▶ **TASK REQUIREMENTS**: Among the lines of the records below, copy those that hold the word "Bedroom".

▶ **Stored records**:
-------

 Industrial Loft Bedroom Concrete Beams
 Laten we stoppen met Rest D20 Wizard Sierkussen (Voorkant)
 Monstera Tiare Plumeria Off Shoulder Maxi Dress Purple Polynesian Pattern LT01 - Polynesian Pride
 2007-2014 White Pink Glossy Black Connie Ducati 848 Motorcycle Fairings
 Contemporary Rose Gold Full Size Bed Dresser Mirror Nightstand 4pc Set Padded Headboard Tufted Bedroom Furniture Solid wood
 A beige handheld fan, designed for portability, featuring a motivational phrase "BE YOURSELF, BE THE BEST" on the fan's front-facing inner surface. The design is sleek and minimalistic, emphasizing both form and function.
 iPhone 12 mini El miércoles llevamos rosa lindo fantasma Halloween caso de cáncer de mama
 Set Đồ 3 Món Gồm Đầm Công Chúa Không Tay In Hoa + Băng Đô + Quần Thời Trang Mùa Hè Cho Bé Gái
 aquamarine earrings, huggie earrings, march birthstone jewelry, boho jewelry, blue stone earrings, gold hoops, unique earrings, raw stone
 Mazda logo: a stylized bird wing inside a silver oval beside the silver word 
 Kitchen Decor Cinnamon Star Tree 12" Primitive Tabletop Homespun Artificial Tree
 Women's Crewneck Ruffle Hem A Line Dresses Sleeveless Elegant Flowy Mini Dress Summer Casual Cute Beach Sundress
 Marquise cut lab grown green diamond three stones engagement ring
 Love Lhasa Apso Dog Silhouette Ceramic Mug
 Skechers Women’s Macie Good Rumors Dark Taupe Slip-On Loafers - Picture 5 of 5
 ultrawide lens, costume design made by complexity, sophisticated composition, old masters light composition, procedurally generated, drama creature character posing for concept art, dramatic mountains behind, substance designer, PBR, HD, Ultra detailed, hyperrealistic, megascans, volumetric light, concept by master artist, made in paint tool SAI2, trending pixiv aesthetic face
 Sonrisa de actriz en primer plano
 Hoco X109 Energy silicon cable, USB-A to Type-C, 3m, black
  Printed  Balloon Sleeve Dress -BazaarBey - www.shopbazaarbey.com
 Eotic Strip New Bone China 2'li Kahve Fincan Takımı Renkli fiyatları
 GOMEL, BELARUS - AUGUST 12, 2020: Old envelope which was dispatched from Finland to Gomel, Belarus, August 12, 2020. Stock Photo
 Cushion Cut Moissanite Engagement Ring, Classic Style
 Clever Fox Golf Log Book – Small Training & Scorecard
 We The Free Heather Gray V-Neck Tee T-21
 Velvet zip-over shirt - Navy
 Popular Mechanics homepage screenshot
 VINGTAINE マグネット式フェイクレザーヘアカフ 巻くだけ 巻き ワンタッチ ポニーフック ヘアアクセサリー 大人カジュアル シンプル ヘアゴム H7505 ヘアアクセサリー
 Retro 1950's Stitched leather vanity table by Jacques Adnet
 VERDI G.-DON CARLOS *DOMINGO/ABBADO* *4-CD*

-------

▶ **EXPECTED ANSWER**:
 Industrial Loft Bedroom Concrete Beams
 Contemporary Rose Gold Full Size Bed Dresser Mirror Nightstand 4pc Set Padded Headboard Tufted Bedroom Furniture Solid wood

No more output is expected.